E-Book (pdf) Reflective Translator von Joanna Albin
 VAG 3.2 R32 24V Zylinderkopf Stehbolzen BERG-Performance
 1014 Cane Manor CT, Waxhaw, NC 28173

---*---

Reproduce the listing above line for line, exactly.

E-Book (pdf) Reflective Translator von Joanna Albin
 VAG 3.2 R32 24V Zylinderkopf Stehbolzen BERG-Performance
 1014 Cane Manor CT, Waxhaw, NC 28173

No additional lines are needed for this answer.